あ、ちなみにこちらのパラグラフの見出しは銀河英雄伝説のヤンウェンリーの名言です。

ただ、今回の話は「戦略を大事にしよう」という話だけではありません。今回の主題は「机上の戦略」もっと言うと「具体策を考えられていない戦略」の怖さです。

上記にあるCookie規制の話を再び例にとりましょう。Cookie規制が「戦略上の問題」であると上記に記述した弊社のロジックは「戦略の修正が無ければ戦術が機能しない」という論理構造になります。この論理構造に気づくためには「具体」を知っていなければ不可能なんですね。

ちょっと複雑な文章構造になりますが「従来の戦略のまま1st party dataの収集に取り組む」というロジックにはそもそも誤謬があるわけです。

というのは従来の戦略がどういったものであれ、ここでは媒体のデータやリターゲティングも含めた従来の戦術を活用することを前提としています。この文脈ではユーザーのタッチポイントは特にPaid Media(広告)において「Cookie」という非常に簡便な識別情報で作り出すことが可能でした。ところがCookie規制はそういった従来のタッチポイントがなくなることを意味しています。もちろんTopics APIにより幾分は変わると思いますが、それでもAppleのITPはなくなりませんしね。
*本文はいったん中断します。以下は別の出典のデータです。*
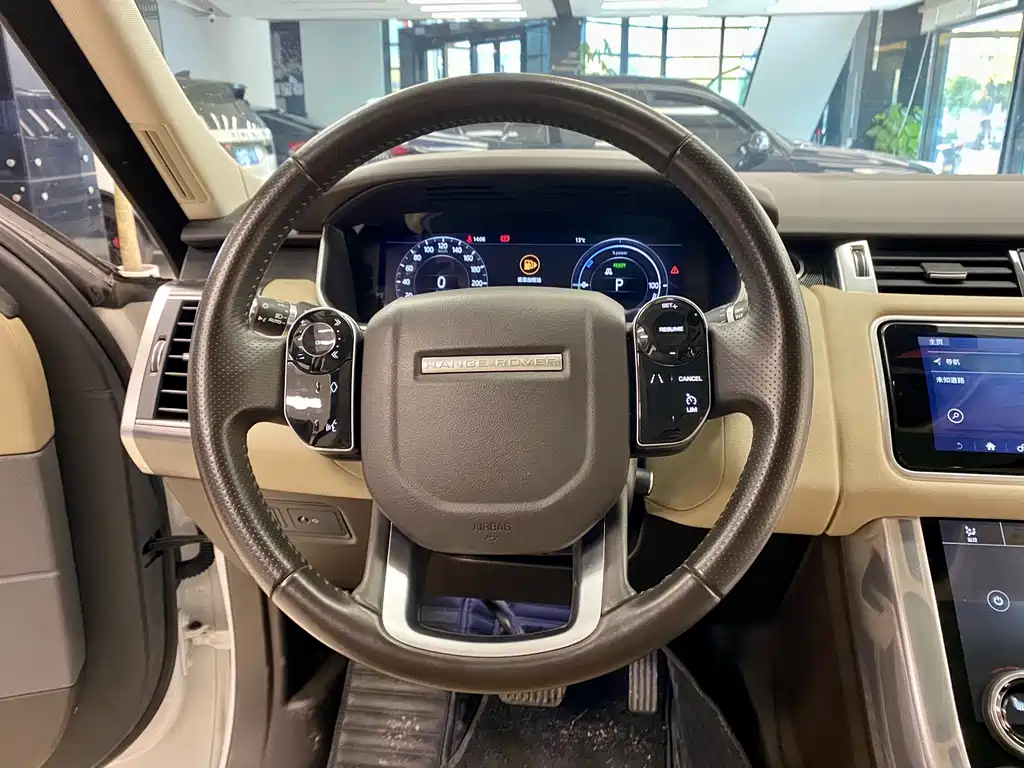 Land Rover Sport PHEV 2022 — фото 7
さて、Cookieが失われることにより、タッチポイントが減少する中、どのように「1st party data」を収集するタッチポイントをつくりだすんでしょうか?CDPを導入してもタッチポイントが増えるわけじゃありません。

つまりこれは「戦術」のレイヤーでは解決できないとともに、戦略立案上で「戦術」の具体策が無ければ「机上の空論」にしかならない議論なんですね。

まずWhyから考える、とはビジネス書でもしばしばいわれますし、私も基本的にはそう考える人間です。ただ、そのWhyを考える力はどれだけの「How」を知っているかに依存するとも思っています。
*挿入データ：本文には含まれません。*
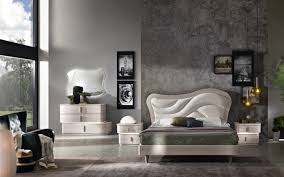 Dal design più rigoroso all'interpretazione contemporanea delle forme passate, con una scelta di materiali che. Camere Da Letto Moderne E Contemporanee In Vendita Online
具体的な課題、やり方がわかっていない状況でWhyを考えても、その「なぜ」がどの程度の影響があり、どういったステークホルダーが関与するべきで、どの程度の工数が必要かがわからない状況では「重要度」を見失うんですね。もっとストレートに言えば「具体」を知っているからこそ「なぜ」をより精密に議論ができる、と言ってもよいでしょう。

アドテック東京でいえば「Cookie規制には1st party dataの活用で対応しよう」という話は 間違いなく正しいんです。ただ、具体に落とし込んで考えると「Cookie規制に対応するために顧客とのコミュニケーションをよりダイレクトにしていこう、そのためには〇〇と△△と××を整えて・・・」という話でとらえるべきで、実はこの〇〇と△△と××という具体を知らないからこそ「1st party dataの活用」というふんわりした内容しか考えることが出来ないわけです。
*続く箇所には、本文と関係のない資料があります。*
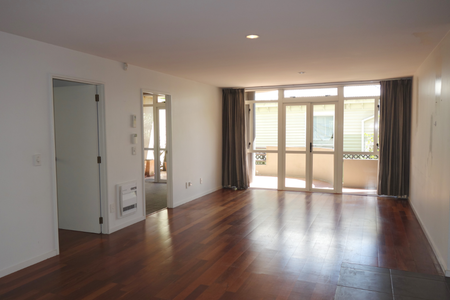 2-Bedroom Apartment in Merivale - Photo 3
特に弊社が支援している自治体デジタルマーケティングにおいても、同じ構造の問題はかなり頻繁に起こっています。それは「具体策を考えないまま方針だけ決める」という、ある意味で行政あるあるの現象です。

もちろん「具体策に振り回された方針」であってはいけません。具体策はあくまで「手法」であり、「手法」が目的よりも優先することはあってはいけません。ただ、同時に「手段」が全くイメージされていない「目的」は机上の空論であり、決めた時間と労力がすべて無駄になるだけでなく、その「手段」がないために具体策が迷走します。

さらに「デジタルマーケティング」はこれまで書いてきた通り、Paid Media、Earned Media、Shared Media、Owned Media(いわゆるPESOモデル、ですね)の中にさらに細分化された手法が存在する、つまり手法をできる限り多く理解する必要があるわけです。だからこそデジタルマーケティングの戦略は「机上の空論」にもなりやすいですし、その手法の多さ・複雑さは「戦略なき手段」に陥ることも頻繁に存在します。まさしくそこがデジタルマーケティングの難しさですし、まあ弊社の存在意義であるとも思っているわけです。

「戦略」と「戦術」を相互に行き来し、全体を考えられることがデジタルマーケティングではやはり重要である、ということを改めてお伝えしたいと思うわけです。